Are Mobile Games Ever Going to Get Serious — And Do They Need To?
Even for this newbie, one thing was no surprise at E3 last week: The focus was on the bigger — and purportedly, better — games that will be coming out for Xboxes, PlayStations and Wiis in the coming months.
For the most part, these games have a few things in common, including budgets, long production times and premium prices, and they’re made for the TV screen. To gamers, these characteristics help distinguish the “serious” games from the “casual” ones.

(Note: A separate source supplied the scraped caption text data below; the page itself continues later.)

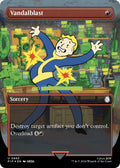 Image for Vandalblast (Borderless) (Surge Foil) (883) (PIP) - Magic: The Gathering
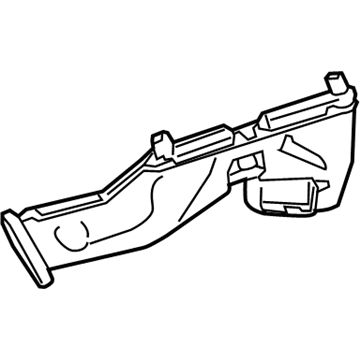 GM 22799385 Lower Duct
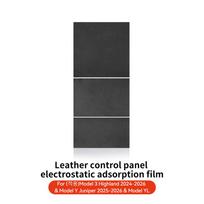 YZ Center Console Panel Sticker For Tesla Model 3/Y/YL Highland Juniper Electrostatic Adsorption Sticker Suede Film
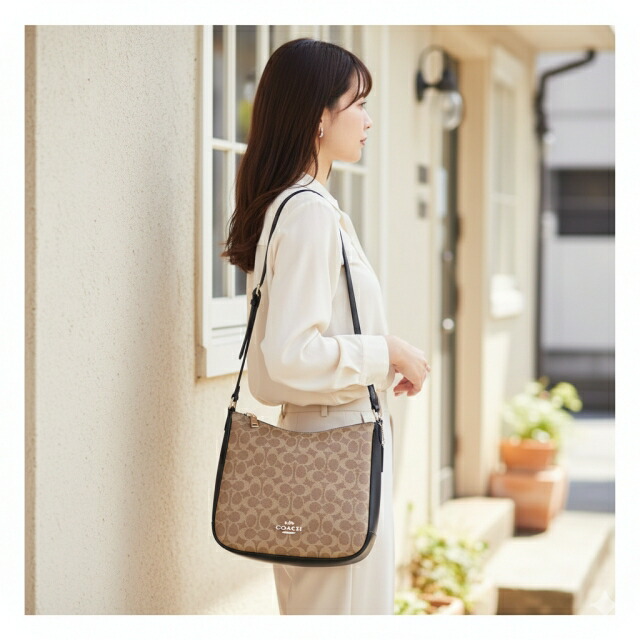 コーチ ショルダーバッグ メッセンジャーバッグ レディース アウトレット ブランド COACH CZ177 IMQRX ブラウン 斜めがけ 高級 おしゃれ プレゼント 女性 実用的 かわいい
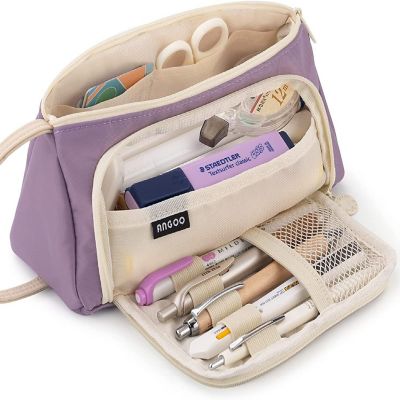 Loomini, Purple, Shop Big Capacity Pencil Case - School Organizer, 1 set Image 1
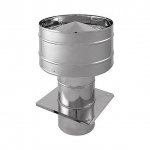 Darco - chimney caps - cylindrical roof ventilator with base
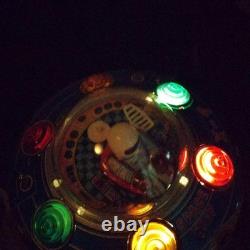 Vintage X-7 SPACE SHIP UFO High Mecha Series TIN Toy Masudaya Working From Japan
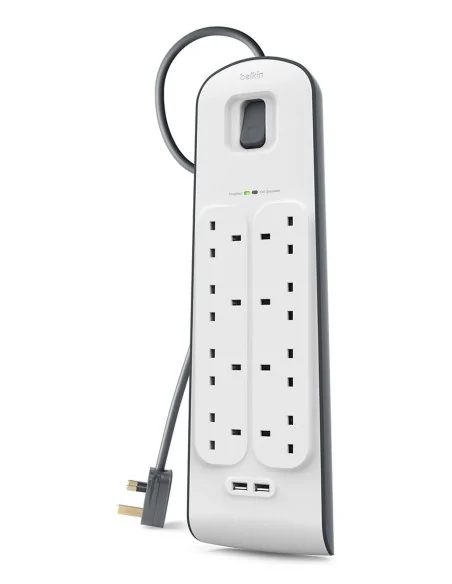 Belkin BSV804AF2M surge protector White 8 AC outlet(s) 2 m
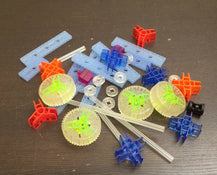 secondhand Brackits Brackitz Pulleys 77 Piece Set Educational Construction Set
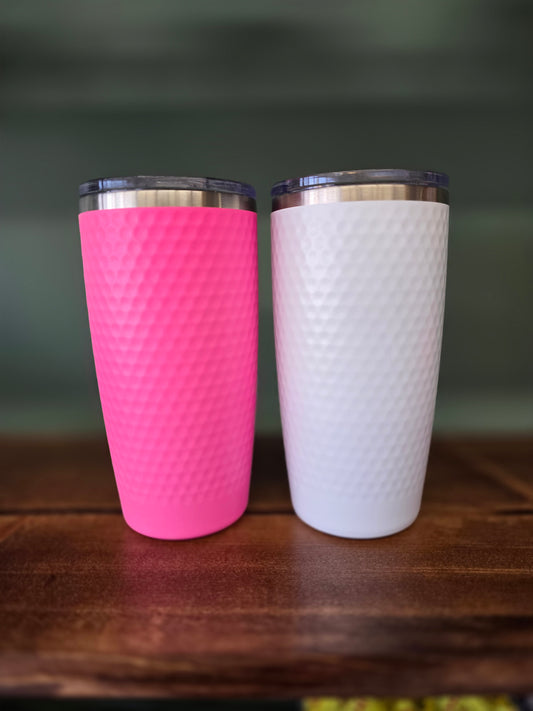 20 oz Golf Dimpled Tumbler – Clearance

But a handful of recent and more sophisticated mobile games is blurring the once easily drawn lines between what could and could not work on mobile. It’s still too early to say, however, whether these are exceptions that permanently undermine the old axioms, or just exceptions that prove the rule:
- The highest profile mobile game at E3 was Halo: Spartan Assault, a top-down shooting game for Windows 8 and Windows Phone 8. The sequel (or technically, midquel, since it takes place between the Xbox 360 titles Halo 3 and Halo 4) is the first Halo game that won’t be on an Xbox console, and it’s potentially a big draw for users who’ve been reluctant to try Microsoft’s new touch-based operating systems.
- In a similar vein, Firaxis is getting ready to release XCOM: Enemy Unknown for iOS devices on Thursday. Unlike Spartan Assault, though, Enemy Unknown is not a new title. The well-reviewed strategy game was first released for Windows, PlayStation 3 and Xbox 360 in October 2012, but Firaxis is promising that — apart from some simpler textures and a few removed maps — the mobile version will be identical to its progenitor.
- Meanwhile, Kixeye is testing the waters of mobile after building a profitable enterprise on free-to-play strategy games that live in one’s Web browser. Backyard Monsters Unleashed, a special mobile-optimized version of Kixeye’s popular Backyard Monsters, already soft-launched in New Zealand and is coming soon to iOS users in Australia, Canada and the U.S.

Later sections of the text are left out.